Many good points in above post- But...
I love Rapid- every component I used except for heat sink, controller and wire, was from them. They are very reliable, very helpful and they sell quality LEDs.
The dimmer on the Rapid kit is actually pretty decent and has some nice functions- read about it and decide if its EVERYTHING you want and compare it to the AI functionality... This may make the decision easy.
IF you think the dimmer controller is adequate on the Rapid kit, or better... then
consider if you want it to look like a commercial fixture, if so your looking at serious shop time and very careful work. I mean hours that run well into the 40-80+ hour build time- its not a trivial project to make it really look good and have high end function.
IF your happy with the advertised function of the Rapid dimmer (which is not too bad really) and your putting it in a hood so no one is ever going to see the wires etc... the Rapid kit is nice/cheap and will be fast.

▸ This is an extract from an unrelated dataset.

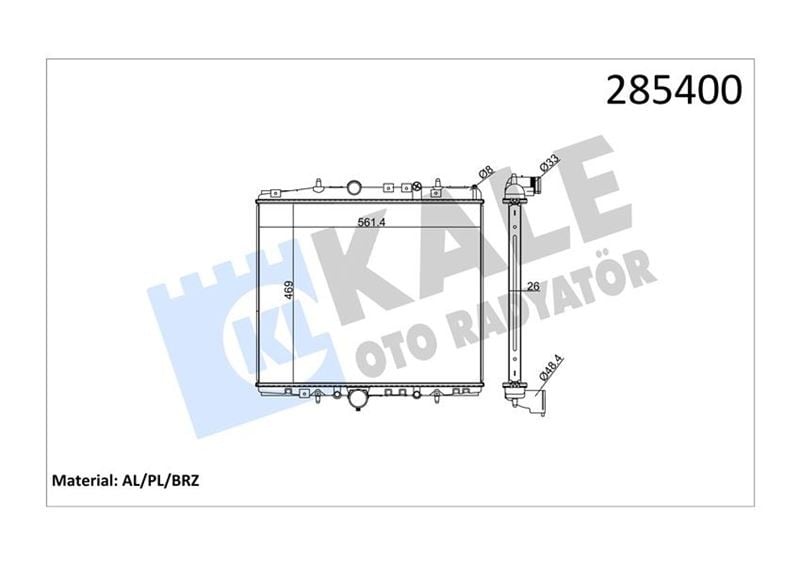 RADYATOR PEUGEOT 807-EXPERT Tepee 2.0-2.2 HDI 16V RADYATÖR 464X560X26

If your going to spend part of your day looking at the fixture and can see the LED's... well... see my above comments on build quality/time and then decide just how much of a project you want.

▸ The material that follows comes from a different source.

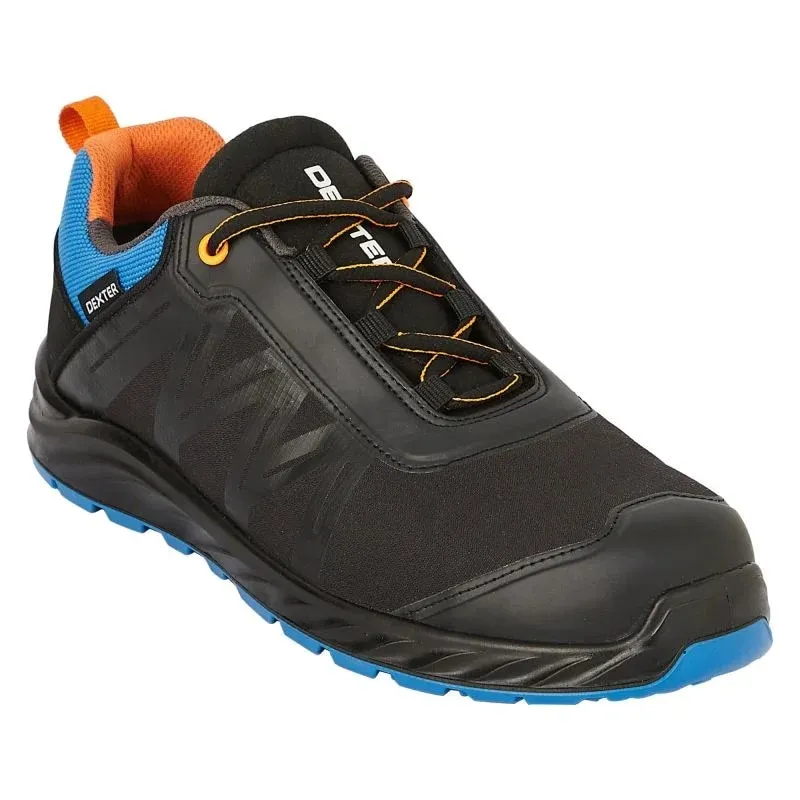 Pantofi de protectie Dexter, S1P, bombeu fibra de sticla, 45 EU, negru/albastru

Also- consider that it is relatively easy (if you make a mistake that should not occur if you test your circuit before powering on) to fry all the LED's in a string... and Rapid will NOT replace LED's you fry by being careless.

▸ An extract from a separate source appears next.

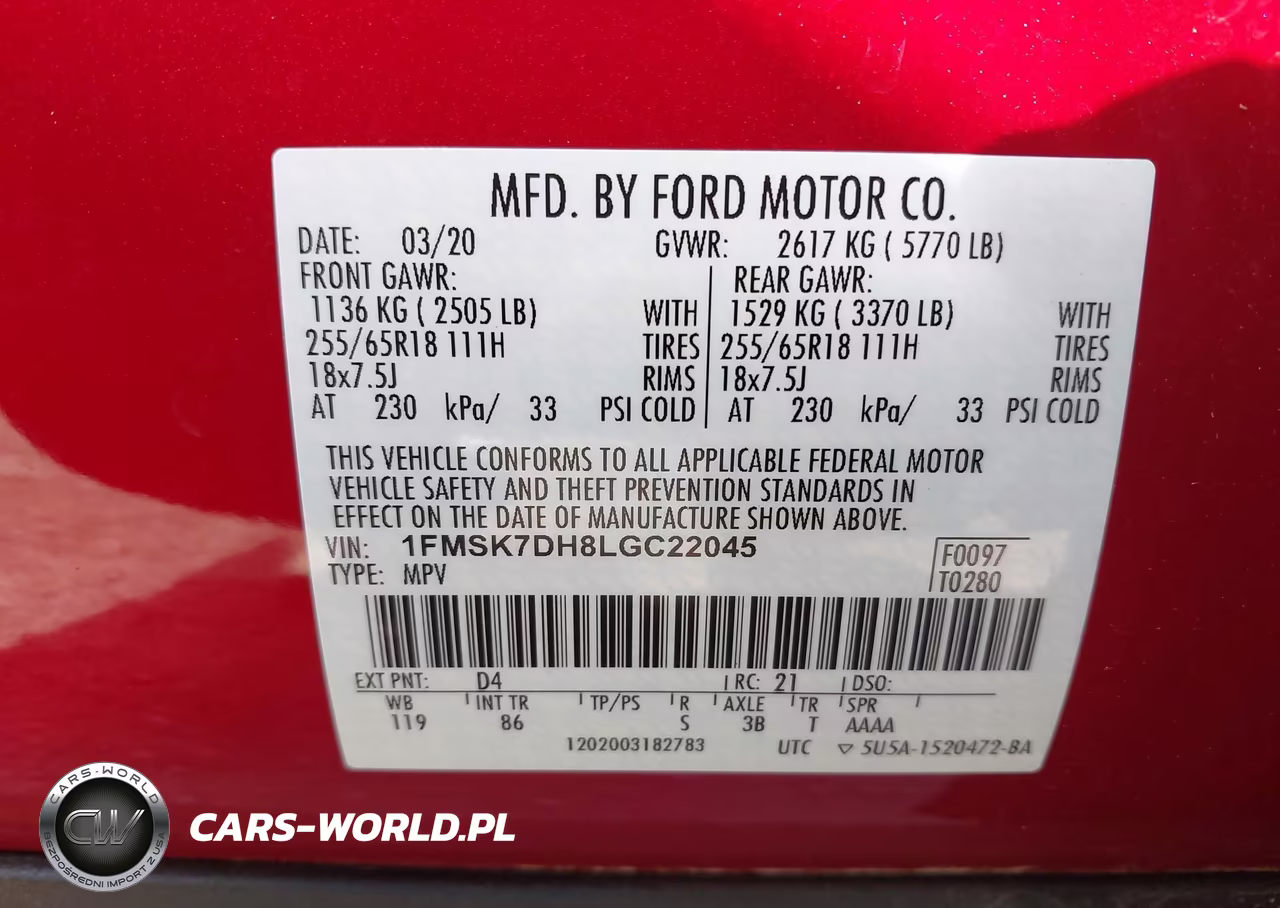 2020 Ford Explorer Xlt VIN:1FMSK7DH8LGC22045 - 9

A warranty is worth something, but in reality, if you power up a DIY fixture, and don't blow it up and don't pull off a wire or have a really sloppy solder joint fail, these don't really fail very often. The only part really that would fail in any reasonable frequency would be the dimmer, and Rapid may warrant that and its pretty cheap any how. LEDs once they have been shown to power up and run, don't have a super high fail rate- at least not the quality LEDs being used in these kits and the AI fixtures. So I would actually say the warranty is nice but in the case of the DIY- not a big deal, and with the AI-nice to have since you didn't build it and cannot repair it. A single LED failure in a DIY rig is like 3-7 dollars to fix.